We are witnessing history in stock market, that is not a good thing: Michael Burry warns of major Nasdaq reversal
Michael Burry joins a growing list of market observers expressing concerns over the rally fuelled by artificial intelligence-related spending from major technology companies such as Alphabet and Amazon.
Michael Burry
Investor Michael Burry, best known for predicting the 2008 financial crisis and portrayed in The Big Short, has warned that the Nasdaq 100 could be headed for a sharp reversal after what he described as a “parabolic” rally in technology stocks.
In a post on Substack, Burry compared the current market environment to the peak of the dot-com bubble before its collapse, pointing to the rapid rise in chip stocks and soaring technology valuations.
The Philadelphia Stock Exchange Semiconductor Index has surged nearly 70% since the end of March, helping push Wall Street indexes to record highs.
According to Burry, the Nasdaq 100 is currently trading at 43 times earnings, significantly above what he believes is a more realistic level of around 30 times earnings.
He argued that “Wall Street may be overstating by more than 50 per cent the earnings at our fastest growing, most highly valued companies.”
“We are witnessing history. In the stock market, that is not a good thing,” Burry said.
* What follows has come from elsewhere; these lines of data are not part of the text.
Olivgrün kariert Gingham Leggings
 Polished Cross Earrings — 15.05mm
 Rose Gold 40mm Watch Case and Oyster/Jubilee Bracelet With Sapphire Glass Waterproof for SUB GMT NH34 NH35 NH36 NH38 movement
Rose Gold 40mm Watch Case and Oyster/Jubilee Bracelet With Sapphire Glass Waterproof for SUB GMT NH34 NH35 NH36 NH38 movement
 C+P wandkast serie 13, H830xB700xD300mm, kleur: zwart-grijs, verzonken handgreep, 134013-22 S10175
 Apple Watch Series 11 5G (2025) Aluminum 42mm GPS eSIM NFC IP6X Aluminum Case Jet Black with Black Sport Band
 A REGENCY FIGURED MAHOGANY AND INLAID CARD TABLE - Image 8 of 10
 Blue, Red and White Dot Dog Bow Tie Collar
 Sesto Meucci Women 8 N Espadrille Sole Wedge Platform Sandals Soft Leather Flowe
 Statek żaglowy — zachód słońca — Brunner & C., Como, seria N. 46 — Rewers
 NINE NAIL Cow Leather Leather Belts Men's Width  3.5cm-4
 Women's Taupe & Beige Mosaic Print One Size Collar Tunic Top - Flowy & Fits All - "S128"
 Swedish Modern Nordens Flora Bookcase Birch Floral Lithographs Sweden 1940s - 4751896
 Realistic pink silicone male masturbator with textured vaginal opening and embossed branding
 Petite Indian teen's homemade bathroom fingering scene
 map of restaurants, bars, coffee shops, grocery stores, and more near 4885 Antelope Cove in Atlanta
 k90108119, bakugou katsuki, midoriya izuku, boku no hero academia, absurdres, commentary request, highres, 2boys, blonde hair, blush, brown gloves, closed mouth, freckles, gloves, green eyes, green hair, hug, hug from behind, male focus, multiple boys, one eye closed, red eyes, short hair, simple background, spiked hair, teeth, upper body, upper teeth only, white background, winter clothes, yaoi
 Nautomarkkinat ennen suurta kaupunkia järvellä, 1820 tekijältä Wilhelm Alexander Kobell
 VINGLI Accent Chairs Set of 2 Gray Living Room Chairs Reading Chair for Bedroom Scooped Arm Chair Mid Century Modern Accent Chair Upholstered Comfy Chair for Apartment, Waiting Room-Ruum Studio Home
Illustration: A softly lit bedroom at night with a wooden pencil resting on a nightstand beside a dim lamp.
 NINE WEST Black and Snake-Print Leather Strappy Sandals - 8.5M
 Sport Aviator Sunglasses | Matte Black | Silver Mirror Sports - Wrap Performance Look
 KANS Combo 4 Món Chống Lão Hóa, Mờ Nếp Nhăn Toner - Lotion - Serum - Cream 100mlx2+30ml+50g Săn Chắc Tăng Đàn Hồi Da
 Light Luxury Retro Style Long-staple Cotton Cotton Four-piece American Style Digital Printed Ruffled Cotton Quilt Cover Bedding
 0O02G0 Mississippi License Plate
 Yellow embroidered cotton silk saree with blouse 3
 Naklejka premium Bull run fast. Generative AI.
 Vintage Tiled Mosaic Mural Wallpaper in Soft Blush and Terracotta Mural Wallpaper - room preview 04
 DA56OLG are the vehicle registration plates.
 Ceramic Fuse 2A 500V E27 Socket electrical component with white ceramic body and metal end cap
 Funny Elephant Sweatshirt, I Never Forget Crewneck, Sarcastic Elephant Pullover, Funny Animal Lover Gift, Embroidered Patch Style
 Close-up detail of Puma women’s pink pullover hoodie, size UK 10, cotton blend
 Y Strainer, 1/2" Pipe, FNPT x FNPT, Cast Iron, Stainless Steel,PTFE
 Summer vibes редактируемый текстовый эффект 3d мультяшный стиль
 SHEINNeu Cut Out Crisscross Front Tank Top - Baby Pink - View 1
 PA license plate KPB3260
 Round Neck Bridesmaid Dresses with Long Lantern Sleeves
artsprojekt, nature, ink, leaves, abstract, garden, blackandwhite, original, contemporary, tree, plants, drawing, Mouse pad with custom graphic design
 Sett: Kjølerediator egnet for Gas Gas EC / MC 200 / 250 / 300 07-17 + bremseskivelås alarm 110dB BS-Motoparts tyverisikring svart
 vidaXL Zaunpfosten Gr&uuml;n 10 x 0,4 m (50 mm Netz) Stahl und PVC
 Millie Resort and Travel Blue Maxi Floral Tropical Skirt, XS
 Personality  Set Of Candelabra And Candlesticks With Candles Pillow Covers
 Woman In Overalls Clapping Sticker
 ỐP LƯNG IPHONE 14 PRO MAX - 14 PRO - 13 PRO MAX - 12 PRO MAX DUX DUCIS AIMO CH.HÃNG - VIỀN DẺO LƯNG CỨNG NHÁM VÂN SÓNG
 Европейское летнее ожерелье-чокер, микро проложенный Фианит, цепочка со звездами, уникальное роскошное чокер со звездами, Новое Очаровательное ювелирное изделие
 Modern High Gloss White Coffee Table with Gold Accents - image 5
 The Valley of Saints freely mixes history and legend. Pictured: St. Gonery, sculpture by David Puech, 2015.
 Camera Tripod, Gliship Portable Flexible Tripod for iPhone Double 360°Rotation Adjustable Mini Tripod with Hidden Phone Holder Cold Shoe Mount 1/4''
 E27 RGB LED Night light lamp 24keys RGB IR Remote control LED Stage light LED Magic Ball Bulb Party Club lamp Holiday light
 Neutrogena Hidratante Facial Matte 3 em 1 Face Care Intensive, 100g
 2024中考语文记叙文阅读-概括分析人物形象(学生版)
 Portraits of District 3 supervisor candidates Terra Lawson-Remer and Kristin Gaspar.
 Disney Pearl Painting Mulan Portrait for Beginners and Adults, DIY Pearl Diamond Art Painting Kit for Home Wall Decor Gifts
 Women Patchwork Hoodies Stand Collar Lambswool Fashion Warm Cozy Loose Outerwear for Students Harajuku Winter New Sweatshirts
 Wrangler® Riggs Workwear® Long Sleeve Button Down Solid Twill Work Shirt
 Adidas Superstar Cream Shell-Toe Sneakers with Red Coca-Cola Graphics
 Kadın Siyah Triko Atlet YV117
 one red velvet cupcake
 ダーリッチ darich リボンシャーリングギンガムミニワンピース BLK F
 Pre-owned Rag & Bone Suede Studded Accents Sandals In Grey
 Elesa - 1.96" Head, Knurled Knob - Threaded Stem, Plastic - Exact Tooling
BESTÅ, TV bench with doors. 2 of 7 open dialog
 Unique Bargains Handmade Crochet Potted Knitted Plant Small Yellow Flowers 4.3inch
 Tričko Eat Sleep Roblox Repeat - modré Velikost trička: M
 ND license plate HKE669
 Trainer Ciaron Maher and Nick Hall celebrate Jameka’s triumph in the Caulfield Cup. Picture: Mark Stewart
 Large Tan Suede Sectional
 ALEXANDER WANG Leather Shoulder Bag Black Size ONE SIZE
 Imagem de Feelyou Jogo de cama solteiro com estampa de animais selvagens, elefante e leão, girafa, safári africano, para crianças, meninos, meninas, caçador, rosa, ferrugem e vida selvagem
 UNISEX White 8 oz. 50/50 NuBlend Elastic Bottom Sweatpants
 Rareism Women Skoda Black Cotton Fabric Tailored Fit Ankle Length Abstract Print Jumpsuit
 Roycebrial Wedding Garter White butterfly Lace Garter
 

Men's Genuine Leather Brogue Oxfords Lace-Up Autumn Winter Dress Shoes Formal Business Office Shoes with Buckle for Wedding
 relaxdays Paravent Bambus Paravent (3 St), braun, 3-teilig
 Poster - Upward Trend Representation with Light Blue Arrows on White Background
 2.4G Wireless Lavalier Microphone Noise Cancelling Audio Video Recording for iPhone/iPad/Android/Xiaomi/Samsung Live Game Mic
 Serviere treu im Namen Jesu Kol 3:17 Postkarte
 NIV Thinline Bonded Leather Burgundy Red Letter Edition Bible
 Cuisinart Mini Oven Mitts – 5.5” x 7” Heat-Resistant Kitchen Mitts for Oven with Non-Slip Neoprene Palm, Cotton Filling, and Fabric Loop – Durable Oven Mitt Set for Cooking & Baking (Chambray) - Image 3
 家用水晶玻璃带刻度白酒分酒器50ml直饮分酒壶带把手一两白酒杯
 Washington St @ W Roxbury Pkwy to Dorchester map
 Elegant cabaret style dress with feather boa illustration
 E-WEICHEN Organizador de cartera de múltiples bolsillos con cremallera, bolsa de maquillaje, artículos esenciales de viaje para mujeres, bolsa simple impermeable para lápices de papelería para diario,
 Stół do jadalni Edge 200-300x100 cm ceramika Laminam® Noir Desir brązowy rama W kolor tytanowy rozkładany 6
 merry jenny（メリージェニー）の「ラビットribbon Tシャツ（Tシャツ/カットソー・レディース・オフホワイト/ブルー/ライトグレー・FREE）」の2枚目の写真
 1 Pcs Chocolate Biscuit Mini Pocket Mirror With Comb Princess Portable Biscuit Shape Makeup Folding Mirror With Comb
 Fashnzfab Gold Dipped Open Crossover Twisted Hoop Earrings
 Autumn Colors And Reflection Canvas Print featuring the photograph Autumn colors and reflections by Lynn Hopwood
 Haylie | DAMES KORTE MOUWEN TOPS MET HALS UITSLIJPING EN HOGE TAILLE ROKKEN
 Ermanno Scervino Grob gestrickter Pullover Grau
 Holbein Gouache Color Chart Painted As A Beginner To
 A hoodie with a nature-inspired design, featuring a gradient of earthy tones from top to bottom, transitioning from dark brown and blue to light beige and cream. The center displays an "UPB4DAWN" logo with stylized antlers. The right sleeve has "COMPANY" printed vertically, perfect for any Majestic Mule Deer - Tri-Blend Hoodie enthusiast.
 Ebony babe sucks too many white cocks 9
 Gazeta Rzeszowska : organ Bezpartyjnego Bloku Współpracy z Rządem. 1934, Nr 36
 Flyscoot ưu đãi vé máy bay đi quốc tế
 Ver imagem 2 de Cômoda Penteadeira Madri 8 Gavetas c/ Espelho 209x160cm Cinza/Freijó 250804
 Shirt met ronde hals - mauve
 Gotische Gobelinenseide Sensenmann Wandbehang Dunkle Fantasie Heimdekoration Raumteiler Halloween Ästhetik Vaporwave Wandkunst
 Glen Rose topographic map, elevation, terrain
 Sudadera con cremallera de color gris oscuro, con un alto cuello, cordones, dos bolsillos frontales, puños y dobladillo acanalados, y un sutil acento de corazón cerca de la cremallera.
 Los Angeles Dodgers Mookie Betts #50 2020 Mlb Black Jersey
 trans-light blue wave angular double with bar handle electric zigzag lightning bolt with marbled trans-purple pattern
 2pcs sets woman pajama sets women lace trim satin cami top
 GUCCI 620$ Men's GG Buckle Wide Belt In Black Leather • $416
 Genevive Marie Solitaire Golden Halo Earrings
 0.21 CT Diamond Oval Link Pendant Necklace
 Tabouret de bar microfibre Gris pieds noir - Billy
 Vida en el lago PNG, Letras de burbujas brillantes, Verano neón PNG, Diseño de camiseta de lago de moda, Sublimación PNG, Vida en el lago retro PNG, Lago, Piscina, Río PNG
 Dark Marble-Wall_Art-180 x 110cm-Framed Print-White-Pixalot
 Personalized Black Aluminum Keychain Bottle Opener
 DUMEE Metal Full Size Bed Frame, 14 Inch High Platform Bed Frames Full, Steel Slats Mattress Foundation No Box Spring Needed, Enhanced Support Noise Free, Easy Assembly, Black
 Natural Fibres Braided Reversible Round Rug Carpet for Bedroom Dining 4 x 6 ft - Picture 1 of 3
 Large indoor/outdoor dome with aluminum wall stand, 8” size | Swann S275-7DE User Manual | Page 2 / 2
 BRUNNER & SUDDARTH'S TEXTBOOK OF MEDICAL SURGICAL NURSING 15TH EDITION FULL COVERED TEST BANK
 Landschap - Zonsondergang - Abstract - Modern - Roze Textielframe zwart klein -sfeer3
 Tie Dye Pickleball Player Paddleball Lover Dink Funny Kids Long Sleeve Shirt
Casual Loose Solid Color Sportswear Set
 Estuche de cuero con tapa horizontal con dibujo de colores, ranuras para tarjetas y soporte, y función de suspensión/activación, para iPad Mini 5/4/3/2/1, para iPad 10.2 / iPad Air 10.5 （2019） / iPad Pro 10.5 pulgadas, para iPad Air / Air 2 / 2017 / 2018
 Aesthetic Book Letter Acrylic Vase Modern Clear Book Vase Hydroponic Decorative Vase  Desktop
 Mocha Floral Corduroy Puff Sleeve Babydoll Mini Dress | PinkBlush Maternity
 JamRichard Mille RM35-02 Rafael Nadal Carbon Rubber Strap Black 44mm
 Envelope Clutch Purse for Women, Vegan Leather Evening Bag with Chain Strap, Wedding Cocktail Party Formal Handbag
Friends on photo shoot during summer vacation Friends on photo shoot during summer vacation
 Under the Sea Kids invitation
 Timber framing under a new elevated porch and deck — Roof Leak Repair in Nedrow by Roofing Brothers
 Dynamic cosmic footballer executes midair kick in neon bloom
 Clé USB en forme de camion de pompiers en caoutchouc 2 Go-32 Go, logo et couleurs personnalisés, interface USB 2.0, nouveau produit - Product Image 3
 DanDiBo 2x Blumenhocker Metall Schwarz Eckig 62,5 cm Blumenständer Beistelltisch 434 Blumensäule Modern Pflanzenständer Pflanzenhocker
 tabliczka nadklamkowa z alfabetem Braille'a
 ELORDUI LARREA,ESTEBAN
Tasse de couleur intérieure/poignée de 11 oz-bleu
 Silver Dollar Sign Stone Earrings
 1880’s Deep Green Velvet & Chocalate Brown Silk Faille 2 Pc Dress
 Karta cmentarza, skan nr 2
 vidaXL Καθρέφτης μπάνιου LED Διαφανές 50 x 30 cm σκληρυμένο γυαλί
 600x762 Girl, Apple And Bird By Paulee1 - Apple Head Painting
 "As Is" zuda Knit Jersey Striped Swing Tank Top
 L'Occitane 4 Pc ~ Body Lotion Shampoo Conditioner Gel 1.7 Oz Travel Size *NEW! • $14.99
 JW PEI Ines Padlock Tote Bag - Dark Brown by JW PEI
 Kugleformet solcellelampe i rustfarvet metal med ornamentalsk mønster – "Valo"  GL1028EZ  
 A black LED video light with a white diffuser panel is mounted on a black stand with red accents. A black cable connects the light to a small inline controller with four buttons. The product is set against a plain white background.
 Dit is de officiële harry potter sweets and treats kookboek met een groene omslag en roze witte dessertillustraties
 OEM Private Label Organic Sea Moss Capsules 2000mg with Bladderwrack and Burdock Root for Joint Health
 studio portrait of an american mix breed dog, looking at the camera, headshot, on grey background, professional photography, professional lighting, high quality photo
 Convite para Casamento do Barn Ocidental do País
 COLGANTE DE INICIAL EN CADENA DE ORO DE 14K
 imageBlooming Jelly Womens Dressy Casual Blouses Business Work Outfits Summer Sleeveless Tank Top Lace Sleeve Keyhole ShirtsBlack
He further compared the situation to the “scene of the bloody car crash, minutes before it happens.”
Burry joins a growing list of market observers expressing concerns over the rally fuelled by artificial intelligence-related spending from major technology companies such as Alphabet and Amazon.
The rally has continued even as geopolitical tensions, including the US conflict with Iran, threaten to slow economic growth and raise inflation through higher oil prices.
Analysts at Sundial Capital Research noted that this would be only the fourth time the S&P 500 has touched a record high while just 5% of its constituent companies were trading at 52-week lows.
Data from Bespoke Investment Group also showed that the Philadelphia Semiconductor Index has moved this far above its 200-day moving average only twice before — in July 1995 and March 2000 during the peak of the internet bubble.
Despite his bearish outlook, Burry advised investors against aggressively shorting stocks due to the risks and costs involved.
He revealed that he currently holds a “significant leveraged short position against a portfolio of companies” that he considers “depressed and cheap,” though he did not specify the companies.
Burry also said he plans to “lighten up on companies” that fail to meet his “strictest valuation requirements.”
He advised investors to take profits from the recent rally and reduce exposure to stocks, particularly technology shares.
“Even if it seems there is more time to run up, anyone lucky enough to be riding these parabolic moves, by not selling, is betting on one’s own ability to jump off at or near the top,” he wrote.
“History tells us that even if the party goes on for another week, month, three months or year, the resolution will be to much lower prices,” he said.
“We are getting into that rare air, so extreme that the consequences will be unavoidable, no matter where one hides.”